Ao levantar o assunto da escravidão entre seus familiares, ele diz que sempre ouviu respostas negativas. Pouco convencido, resolveu investigar por conta própria. “Eu desconfiei e fui pesquisar. Pensei que talvez tivesse de ir procurar na Torre do Tombo, onde se guardam os arquivos históricos em Portugal, mas não, está tudo online. Foi incrivelmente fácil”, diz.

Em registros públicos, o jovem identificou a participação da família no comércio de pessoas escravizadas. Além de documentos referentes ao arquipélago dos Açores, ele também comprovou que os antepassados exploravam escravos no Brasil, principalmente no estado de São Paulo.

O resultado da investigação foi compartilhado com os parentes não em um almoço de família, mas em uma newsletter pública com um título provocativo: “Ainda vivo às custas dos escravizados pela minha família”.

O texto de opinião foi publicado no portal Fumaça, referência em mídia independente em Portugal. O sucesso com os leitores, porém, não evitou o climão com a família. “Devo dizer que não apreciaram”, diverte-se ele, que reforça considerar fundamental falar sobre o tema.

Viegas, que se diz de direita, lamenta que o combate ao racismo e a discussão sobre o passado escravocrata do país estejam concentrados nos partidos de esquerda.

Também defensora de um diálogo aberto sobre o passado escravocrata dos familiares, a professora Ana Esteves, 30, lamenta não ter conversado com os avós, que já morreram, sobre o assunto.

“Descobri que minha família teve muitos escravos um pouco por acaso.
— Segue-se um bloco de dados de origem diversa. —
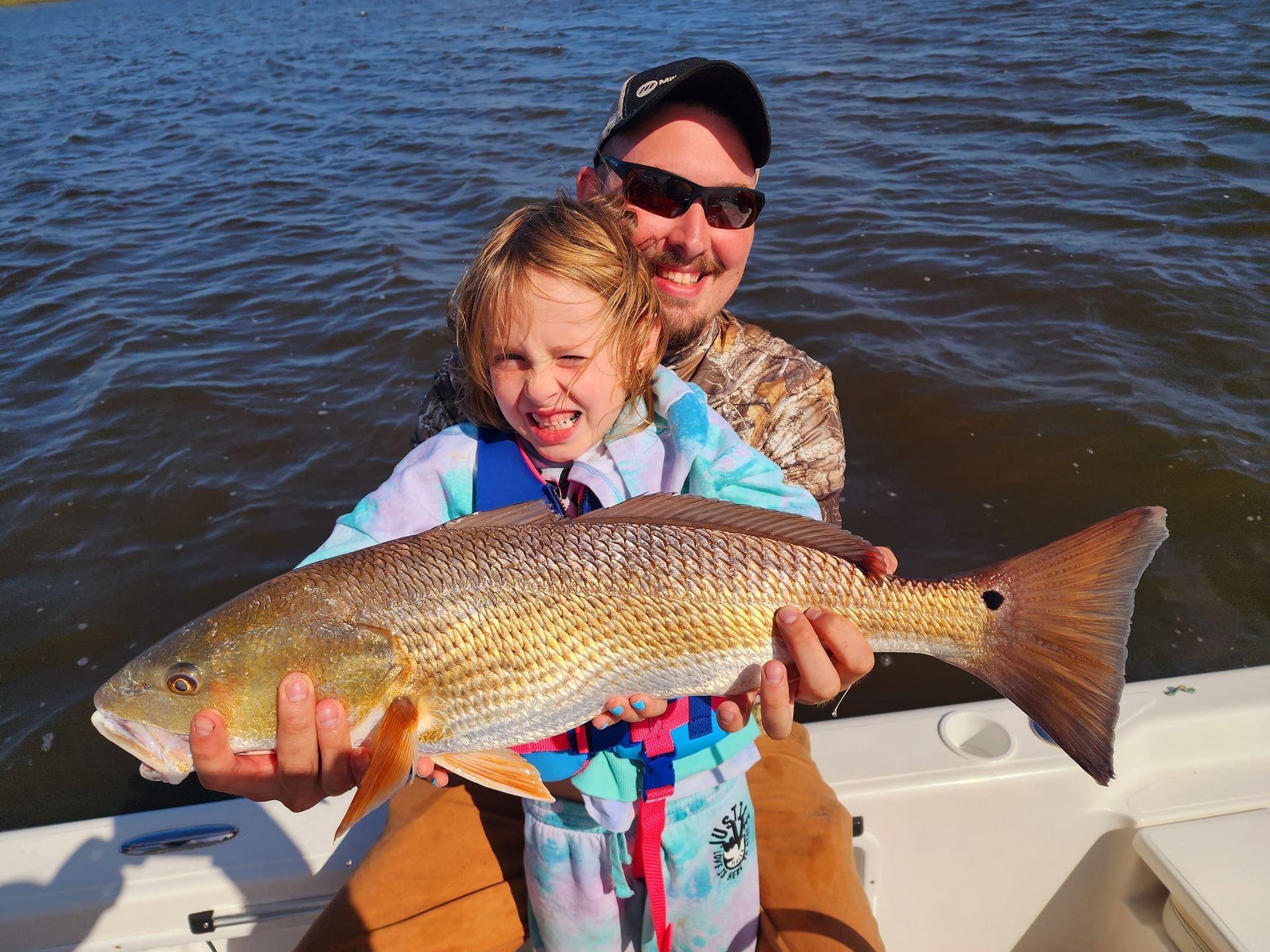 Man and young child smiling, holding a large reddish fish on a boat.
Na aldeia da minha família há uma rua com o nome do meu trisavô. Nunca liguei muito para isso, mas um dia tive curiosidade de pesquisar mais sobre ele e o período em que viveu na África. Não foi um choque, mas também não foi fácil”, relata.
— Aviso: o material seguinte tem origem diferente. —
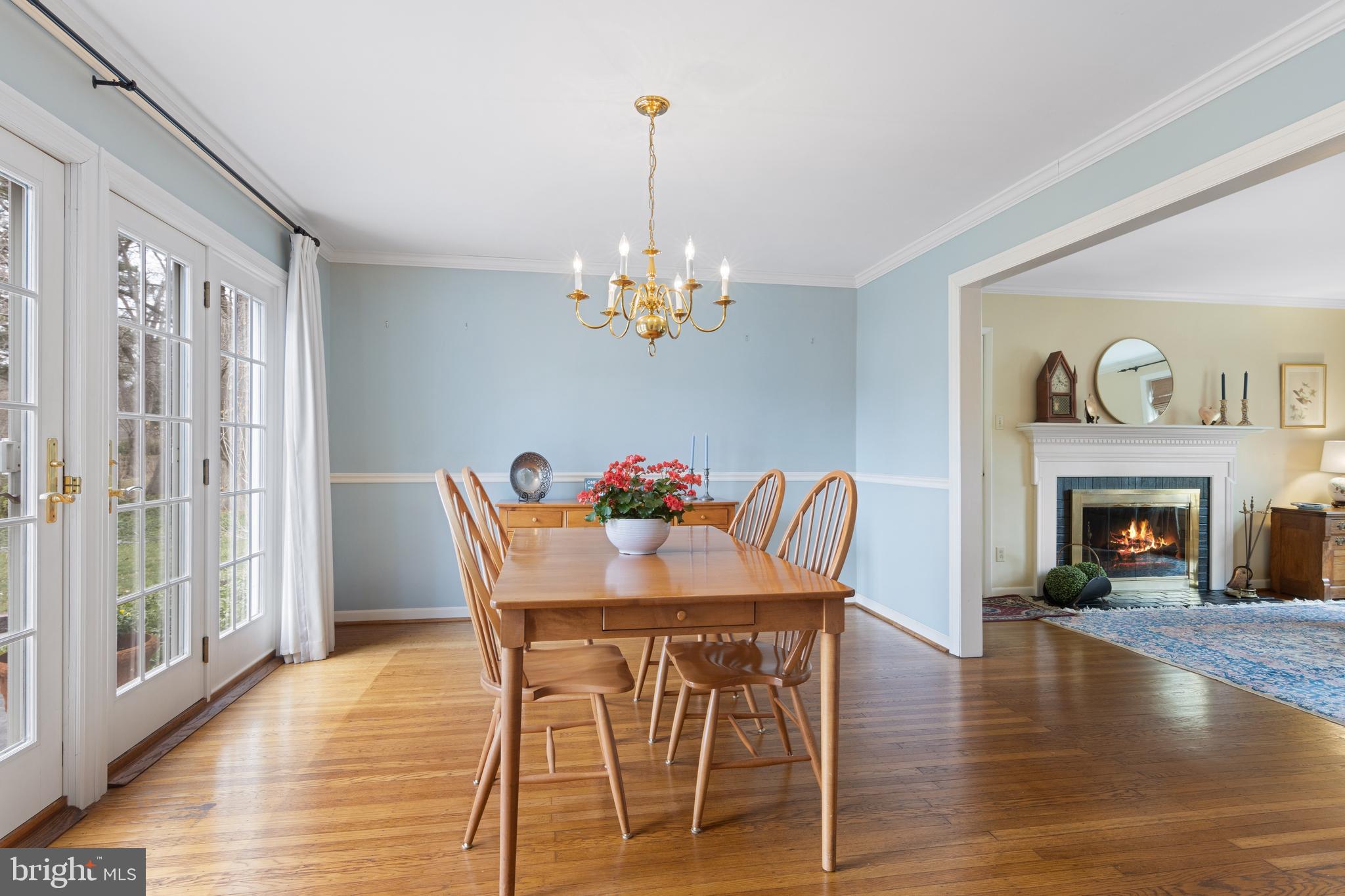 653 Baron Dekalb Road Wayne, PA 19087 - Photo 19 of 32 a dining room with furniture wooden floor a fireplace and a chandelier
Embora diga que não tenha abertura para falar com os familiares sobre o assunto, Ana conta que pretende no futuro discutir o assunto com os filhos, hoje com 4 e 6 anos. Enquanto isso, compartilhou suas experiências em uma transmissão no aplicativo Clubhouse.

Além dos relatos pessoais, há outros indícios de uma maior abertura da sociedade para falar sobre o tema. Em Lisboa, os moradores escolheram, dentro do orçamento participativo do município, a construção de um memorial sobre a escravidão.

A instalação, assinada pelo angolano Kiluanji Kia Henda, ficará em uma das zonas mais turísticas da cidade. A questão agora é saber quando isso vai acontecer. Inicialmente prevista para o primeiro trimestre, a obra está atrasada.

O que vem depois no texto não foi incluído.